Microsoft continues to make moves to shape its “One Microsoft” strategy, today announcing that it is dropping its unpopular “stack ranking” employee review process. The move, outlined in an email to employees from HR chief Lisa Brummel this morning and detailed in an internal presentation, is already a hit, according to a report from GeekWire:
Stack ranking does have some supporters, but it also has been blamed for fostering dysfunction at Microsoft and reducing morale among employees. At an internal presentation this morning, managers clapped when Brummel announced that the employee review process would be overhauled, and by the end of the presentation they gave a standing ovation.
Stack ranking has been blamed for a number of woes at Microsoft recently, although as Dare Obasanjo pointed out just yesterday, similar employee ranking systems aren’t uncommon. It’s yet to be seen if the new system will indeed boost morale, but just getting rid of the old system seems to be making a statement about Microsoft’s willingness to “move forward”.
Microsoft has been making a number of other changes internally as well. Yesterday Dean Hachamovitch, longtime IE head, announced that he’s “changing roles”, but promised to “continue blogging in the near future at a different Microsoft address on a new topic”. Shortly after that, The Verge reported that Joe Belfiore will be leading app development for IE, taking on some of the responsibilities that Hachamovitch is leaving behind.
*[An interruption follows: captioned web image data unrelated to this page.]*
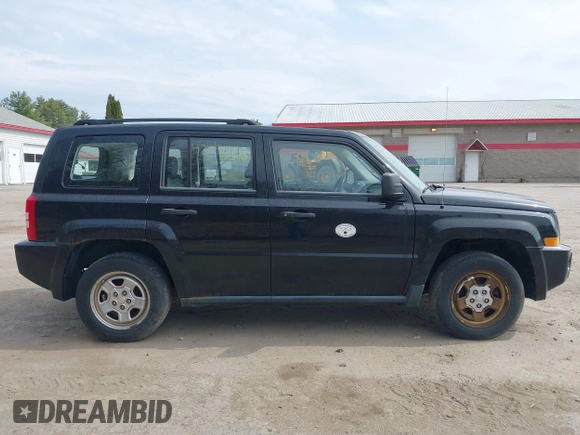 2008 Jeep Patriot Sport with VIN 1J8FF28W78D728568, listed as a IAAI auction lot 42091256 with 166,876 mi miles. Bid and sale history available at carsss.com. Image 14.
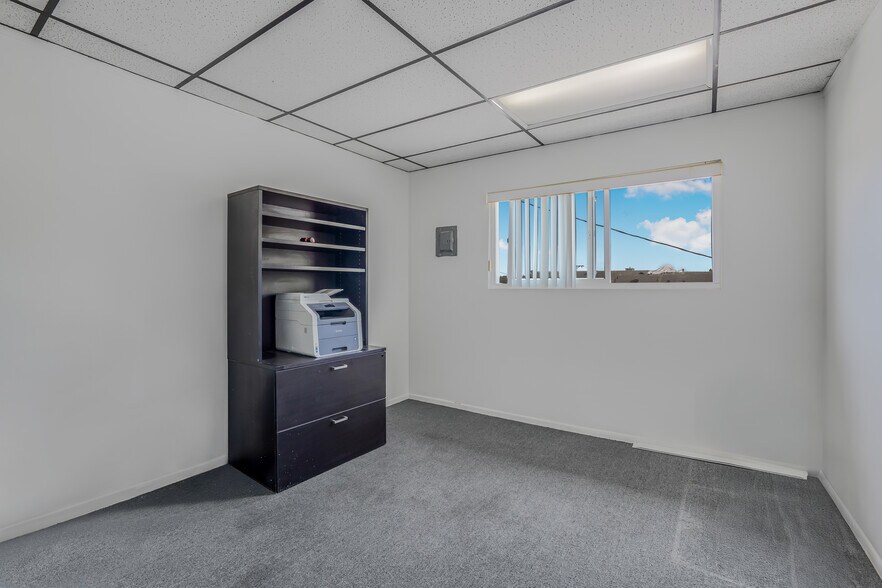 More Photos Of 720 N Ventura Rd, Port Hueneme Office Residential For Sale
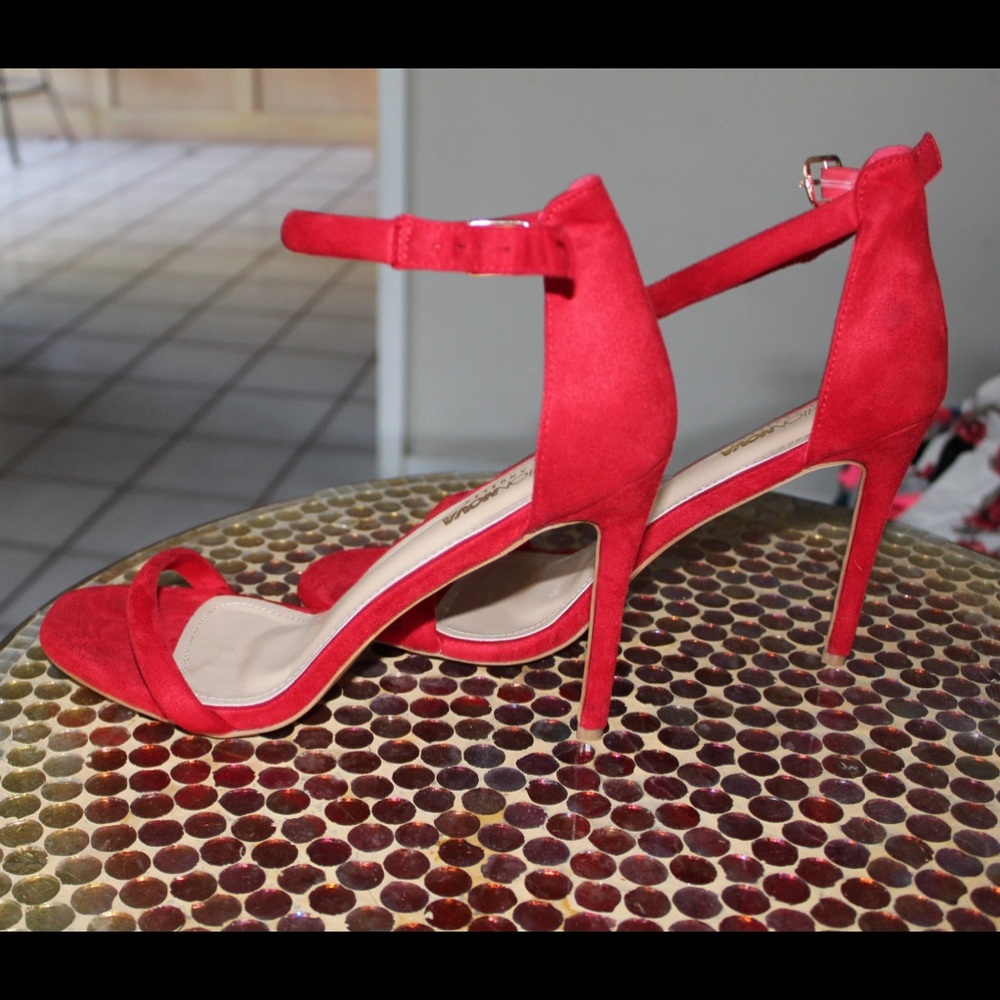 🙌🏽Red strappy heels🙌🏽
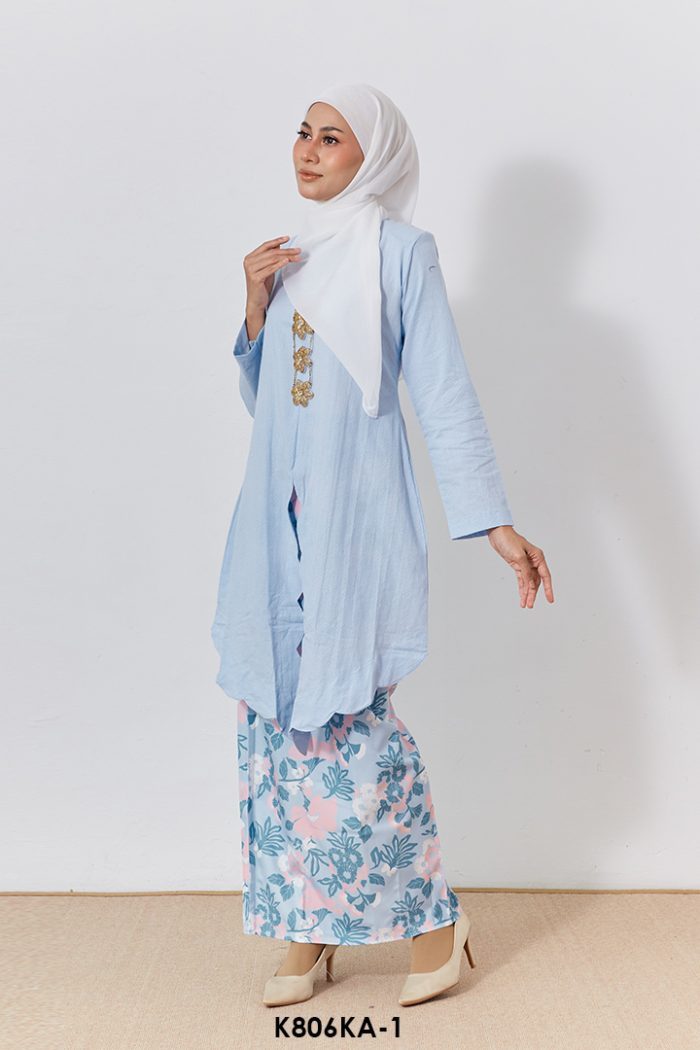 Kebaya Anggun 2.0 in Maya Blue (K806KA-1)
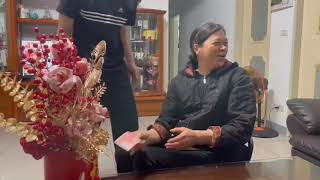 新年送禮 媽媽笑聲超魔性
As Microsoft moves to consolidate IE across the desktop, RT, and phone, these new roles for two high profile managers seem to indicate that we’ll be seeing more changes to IE coming in the not too distant future.
It’s interesting that all of this is happening even before a new CEO is announced, and that the One Microsoft plan seems to be gaining momentum without firm leadership in place at the top, or perhaps more correctly, with the old leadership still firmly, for now, in place. All indications are that One Microsoft was and is Steve Ballmer’s baby, and it may not be much of a surprise that he tries to get as much of it implemented as possible before the leadership change is made.
What that says about who the next CEO may be, and how he’ll have to take over the reins of a firmly entrenched new strategy remains to be seen, but for now, Microsoft isn’t acting like a company with lame duck leadership. In fact, we wish they had been making some of these moves years ago (and maybe they wouldn’t be searching for a new CEO!).